We recently wrote that the KillDisk malware became capable of encrypting data. A newly discovered variant of the malware could act like ransomware to demand money in exchange for decryption. A Linux variant of KillDisk was discovered by ESET researchers. The malware was deployed in attacks against Ukraine in late 2015 and against other targets in the country’s financial sector in December 2016.
Related: TeleBots Target Ukranian Financial Sector with KillDisk Malware
The new variant targets Linux systems and makes them unbootable, but first it encrypts their data and demands a large ransom. The ransom demanded by the malware creators is quite big for both Windows and Linux systems – 222 Bitcoin which equals to $247,000. Researchers say that no victim has paid, which is great news. Apparently, the attackers cannot decrypt any encrypted data since the encryption keys are neither saved locally nor are they transmitted to C&C servers.
Related: KillDisk Malware Now a Ransomware
According to ESET researchers, these recent ransomware KillDisk variants are not only able to target Windows systems, but also Linux machines, which is a curious thing to see in the malware world. The targets may be not only attack Linux workstations but also servers.

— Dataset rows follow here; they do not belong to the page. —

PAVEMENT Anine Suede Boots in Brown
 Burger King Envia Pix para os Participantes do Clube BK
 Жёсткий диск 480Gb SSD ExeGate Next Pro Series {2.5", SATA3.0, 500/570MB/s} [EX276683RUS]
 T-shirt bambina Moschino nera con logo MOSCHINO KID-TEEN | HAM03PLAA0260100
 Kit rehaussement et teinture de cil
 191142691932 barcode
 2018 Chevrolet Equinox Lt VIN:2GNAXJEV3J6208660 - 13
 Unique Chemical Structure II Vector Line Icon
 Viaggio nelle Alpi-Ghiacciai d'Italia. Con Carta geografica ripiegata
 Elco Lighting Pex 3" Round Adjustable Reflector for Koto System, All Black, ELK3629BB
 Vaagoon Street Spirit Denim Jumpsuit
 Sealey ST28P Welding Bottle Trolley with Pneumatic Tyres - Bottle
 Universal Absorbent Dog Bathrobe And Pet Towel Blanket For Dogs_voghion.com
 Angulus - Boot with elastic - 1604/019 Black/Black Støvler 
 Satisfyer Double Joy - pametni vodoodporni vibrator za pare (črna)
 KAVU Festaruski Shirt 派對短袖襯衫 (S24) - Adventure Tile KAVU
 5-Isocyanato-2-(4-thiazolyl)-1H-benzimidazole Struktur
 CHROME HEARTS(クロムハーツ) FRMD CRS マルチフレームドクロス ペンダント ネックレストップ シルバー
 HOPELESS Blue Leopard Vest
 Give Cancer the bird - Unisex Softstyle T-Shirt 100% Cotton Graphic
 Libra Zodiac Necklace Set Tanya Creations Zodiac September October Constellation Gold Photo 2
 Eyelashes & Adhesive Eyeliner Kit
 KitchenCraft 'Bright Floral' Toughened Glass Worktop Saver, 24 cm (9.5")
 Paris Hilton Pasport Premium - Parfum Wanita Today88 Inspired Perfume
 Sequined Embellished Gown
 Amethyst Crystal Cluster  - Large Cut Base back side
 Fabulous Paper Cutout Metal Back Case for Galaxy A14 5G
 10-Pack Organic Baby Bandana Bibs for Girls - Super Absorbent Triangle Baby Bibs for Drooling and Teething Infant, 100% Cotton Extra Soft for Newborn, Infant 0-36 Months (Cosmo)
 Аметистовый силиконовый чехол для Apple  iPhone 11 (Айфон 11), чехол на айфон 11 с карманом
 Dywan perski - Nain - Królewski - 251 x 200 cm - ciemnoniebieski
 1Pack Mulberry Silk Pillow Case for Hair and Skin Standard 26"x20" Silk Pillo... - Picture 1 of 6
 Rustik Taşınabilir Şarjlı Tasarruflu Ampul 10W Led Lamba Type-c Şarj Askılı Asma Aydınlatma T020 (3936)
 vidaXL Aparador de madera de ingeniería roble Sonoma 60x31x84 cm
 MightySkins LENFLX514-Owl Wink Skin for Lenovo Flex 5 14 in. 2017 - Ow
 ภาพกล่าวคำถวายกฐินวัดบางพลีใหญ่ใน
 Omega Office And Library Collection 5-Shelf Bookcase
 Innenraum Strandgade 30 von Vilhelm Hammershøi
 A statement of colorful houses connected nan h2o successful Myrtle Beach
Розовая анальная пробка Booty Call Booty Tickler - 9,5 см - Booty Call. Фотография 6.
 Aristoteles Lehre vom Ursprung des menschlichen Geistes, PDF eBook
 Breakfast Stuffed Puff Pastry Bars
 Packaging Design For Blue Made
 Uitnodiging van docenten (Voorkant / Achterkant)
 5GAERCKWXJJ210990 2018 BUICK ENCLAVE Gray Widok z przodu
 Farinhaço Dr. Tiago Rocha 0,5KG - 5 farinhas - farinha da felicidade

The Windows variants, detected by ESET as Win32/KillDisk.NBK and Win32/KillDisk.NBL, encrypt files with AES (256-bit encryption key generated using CryptGenRandom) and the symmetric AES key is then encrypted using 1024-bit RSA. In order not to encrypt files twice, the malware adds the following marker to the end of each encrypted file: DoN0t0uch7h!$CrYpteDfilE.
Researchers also report that in both Windows and Linux versions the ransom message is absolutely identical, including information about the ransom amount and payment – 222 Bitcoin, Bitcoin address, and contact email.
Linux/KillDisk Technical Overview
The Windows and the Linux versions of KillDisk are quite identical but this doesn’t go to the technical implementation. The Linux version displays the ransom message within the GRUB bootloader which is quite unusual. Once the malware is executed the bootloader entries will be overwritten so that they display the ransom note.
Files are encrypted using Triple-DES applied to 4096-byte file blocks. Each file is encrypted using a different set of 64-bit encryption keys.
After the infected system is rebooted it will become unbootable.
ESET researchers have observed a weakness in the encryption in the Linux version of KillDisk, which makes recovery possible but still difficult. This weakness is not seen in the Windows version.
As already mentioned, paying the ransom won’t help with the decryption of the file as the encryption keys generated on the infected system are neither saved locally not sent to a command and control server.